» **DIRECTIONS**: The output must start at the line containing "Hey everyone, for" in the records below and stop at the last line, matching each line exactly and leaving out every picture.
◆ ◆ ◆ ◆ ◆
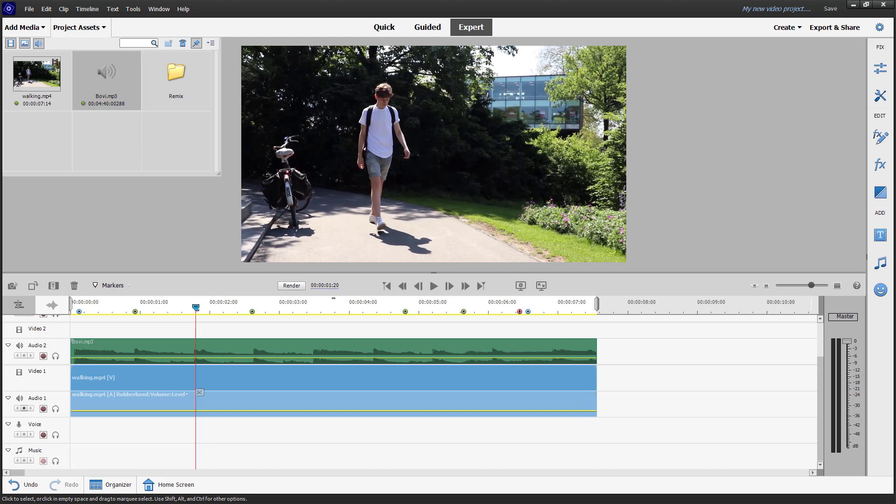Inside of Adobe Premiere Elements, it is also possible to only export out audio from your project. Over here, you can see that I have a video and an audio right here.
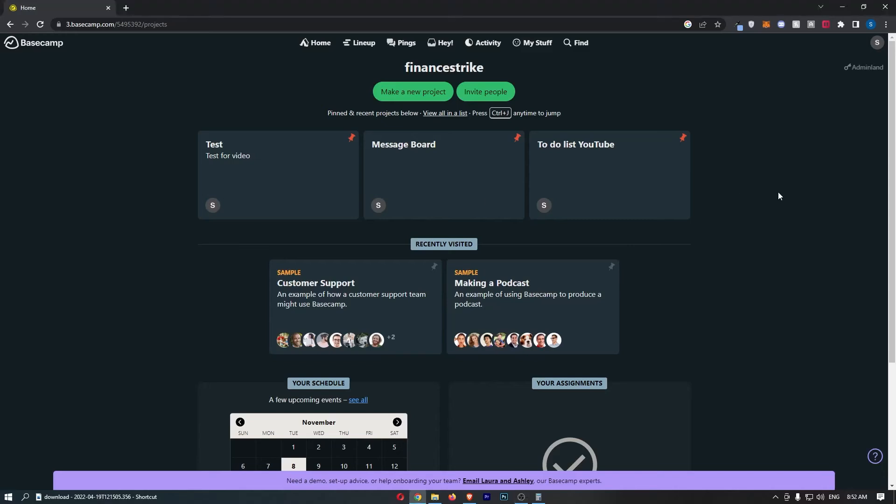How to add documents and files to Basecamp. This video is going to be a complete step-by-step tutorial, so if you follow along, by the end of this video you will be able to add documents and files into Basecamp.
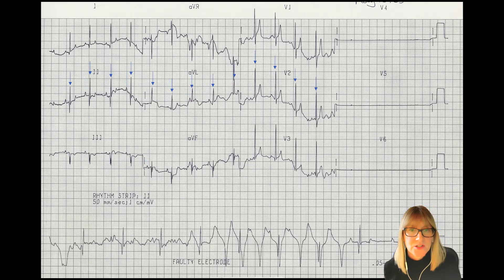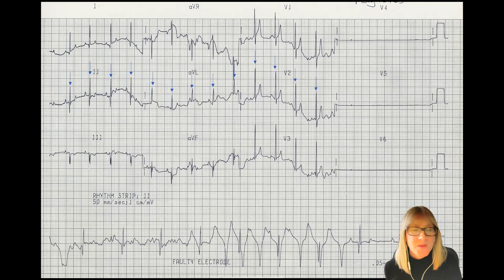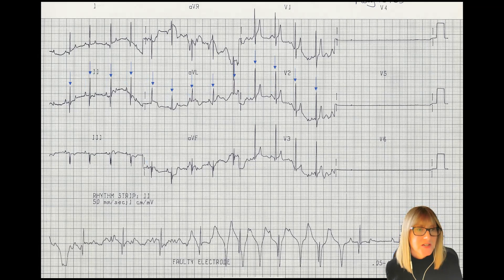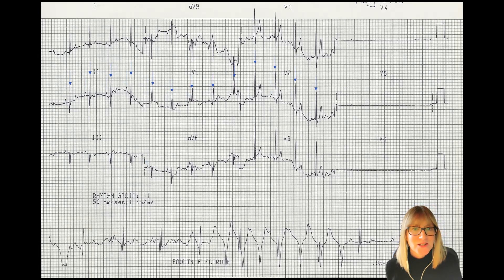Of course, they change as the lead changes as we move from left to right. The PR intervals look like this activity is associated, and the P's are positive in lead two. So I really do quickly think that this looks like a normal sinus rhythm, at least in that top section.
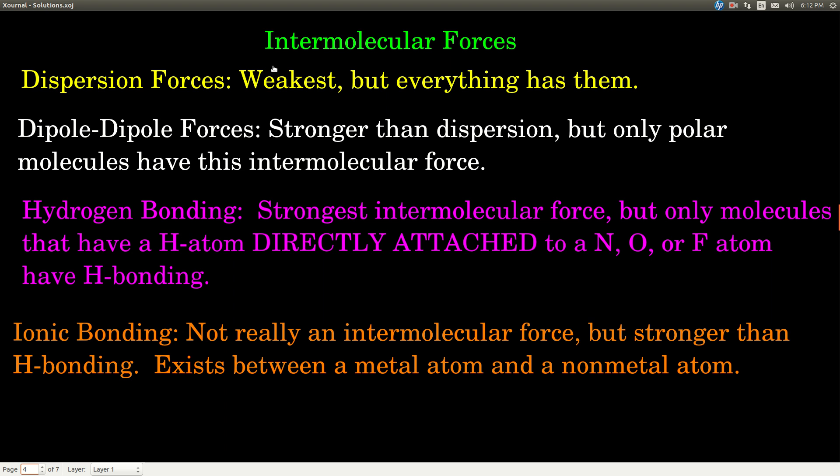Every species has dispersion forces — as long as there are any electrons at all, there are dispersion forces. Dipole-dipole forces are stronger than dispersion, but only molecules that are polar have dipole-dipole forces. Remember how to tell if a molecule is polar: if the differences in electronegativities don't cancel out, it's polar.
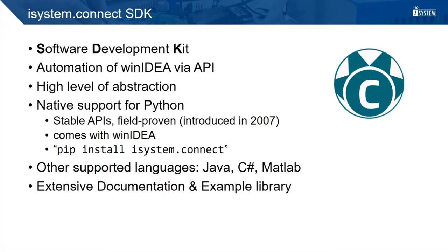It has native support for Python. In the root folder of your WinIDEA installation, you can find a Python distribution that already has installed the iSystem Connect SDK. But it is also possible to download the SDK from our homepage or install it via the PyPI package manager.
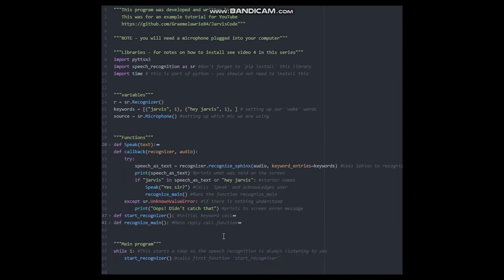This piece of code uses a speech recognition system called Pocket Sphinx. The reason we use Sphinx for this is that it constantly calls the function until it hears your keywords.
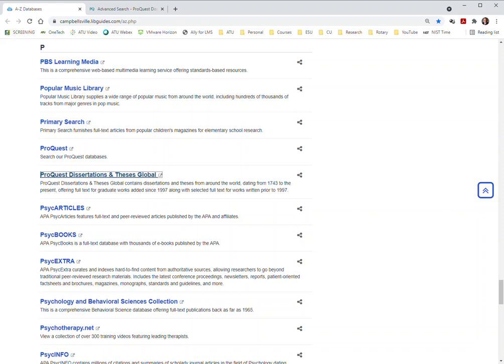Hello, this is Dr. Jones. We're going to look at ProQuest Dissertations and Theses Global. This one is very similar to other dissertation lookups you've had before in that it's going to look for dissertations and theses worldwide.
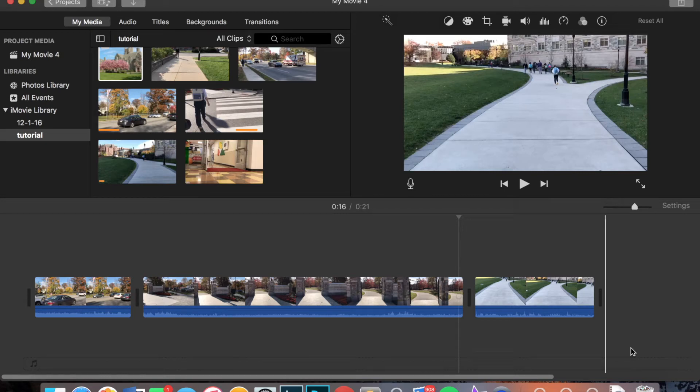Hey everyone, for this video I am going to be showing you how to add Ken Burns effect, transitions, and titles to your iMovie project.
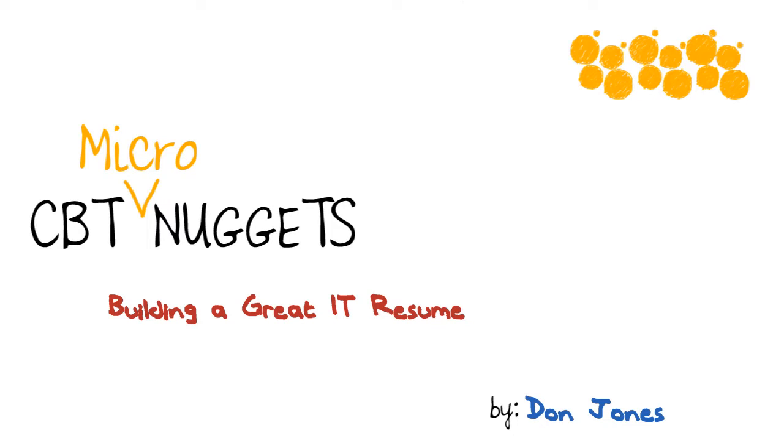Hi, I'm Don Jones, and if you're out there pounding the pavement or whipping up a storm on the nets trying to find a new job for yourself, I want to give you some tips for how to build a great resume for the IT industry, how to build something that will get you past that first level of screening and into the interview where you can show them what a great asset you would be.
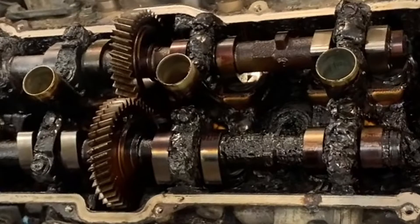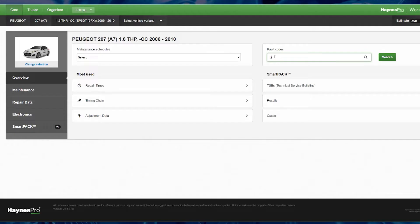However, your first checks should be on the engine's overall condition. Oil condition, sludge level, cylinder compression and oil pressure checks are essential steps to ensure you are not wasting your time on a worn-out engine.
◆ ◆ ◆ ◆ ◆
» **YOUR RESPONSE**:
Hey everyone, for this video I am going to be showing you how to add Ken Burns effect, transitions, and titles to your iMovie project.
Hi, I'm Don Jones, and if you're out there pounding the pavement or whipping up a storm on the nets trying to find a new job for yourself, I want to give you some tips for how to build a great resume for the IT industry, how to build something that will get you past that first level of screening and into the interview where you can show them what a great asset you would be.
However, your first checks should be on the engine's overall condition. Oil condition, sludge level, cylinder compression and oil pressure checks are essential steps to ensure you are not wasting your time on a worn-out engine.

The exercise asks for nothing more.